"Has his lordship gone to Oxford?" Angela asked, after a silence broken
only by her sister's yawns.
"I doubt he is anywhere rather than in such good company," Hyacinth
answered, carelessly. "He hates the King, and would like to preach at him,
as John Knox did at his great-grandmother. Fareham is riding, or roving
with his dogs, I dare say. He has a gloomy taste for solitude."
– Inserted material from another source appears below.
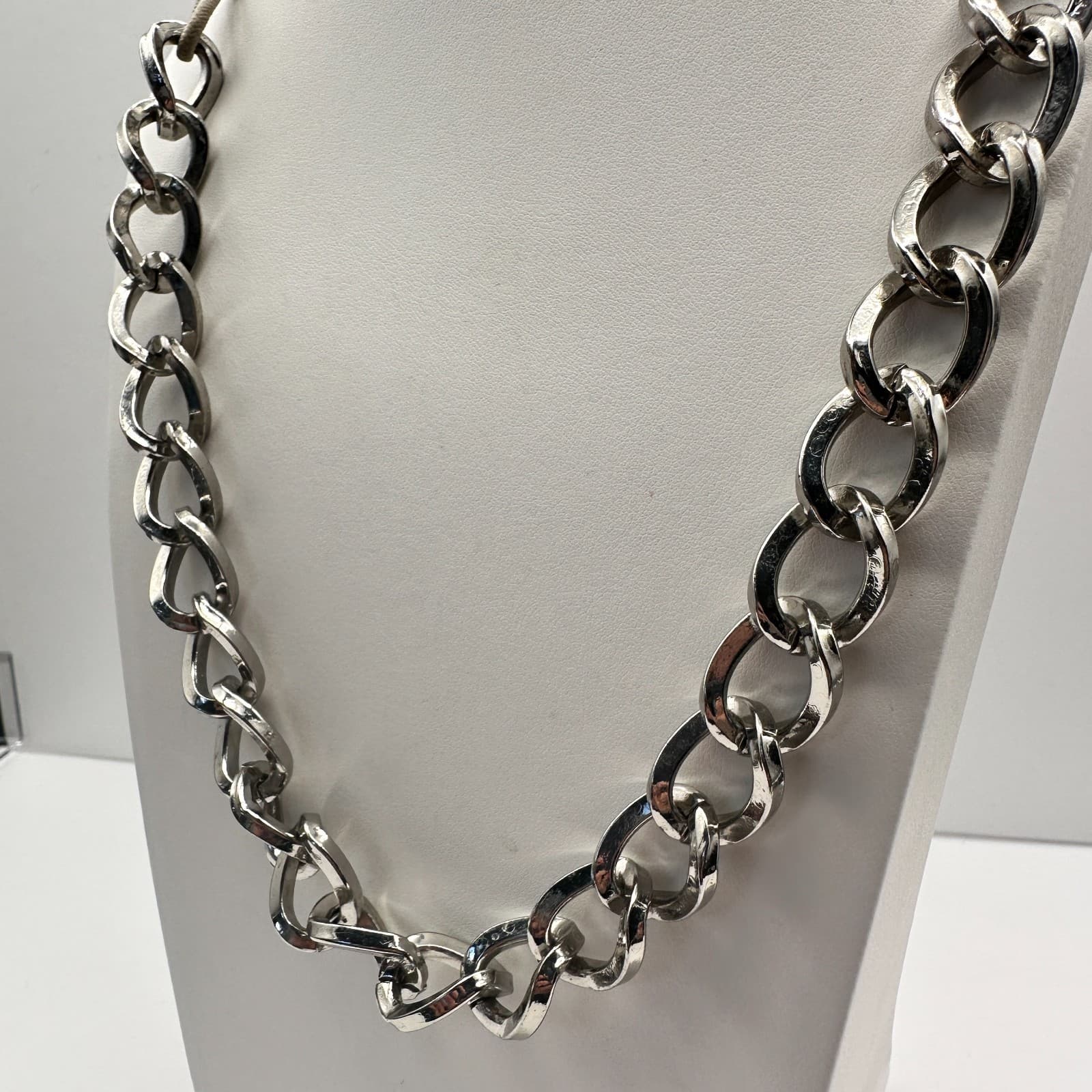 Vintage 90s Goody Chunky Necklace Silver Tone Statement Link Chain Jewelry - Thumbnail 7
"Hyacinth, do you not see that he is unhappy?" Angela asked, suddenly, and
the pain in her voice startled her sister from the contemplation of the
sublime Mandane.
"Unhappy, child! What reason has he to be unhappy?"
"Ah, dearest, it is that I would have you discover. 'Tis a wife's business
to know what grieves her husband."
"Unless it be Mrs. Lewin's bill--who is an inexorable harpy--I know of no
act of mine that can afflict him."
"I did not mean that his gloom was caused by any act of yours, sister. I
only urge you to discover why he is so sad."
"Sad? Sullen, you mean. He has a fine, generous nature. I am sure it is not
Lewin's charges that trouble him. But he had always a sullen temper--by
fits and starts."
"But of late he has been always silent and gloomy."
"How the child watches him! Ma tres chere, that silence is natural.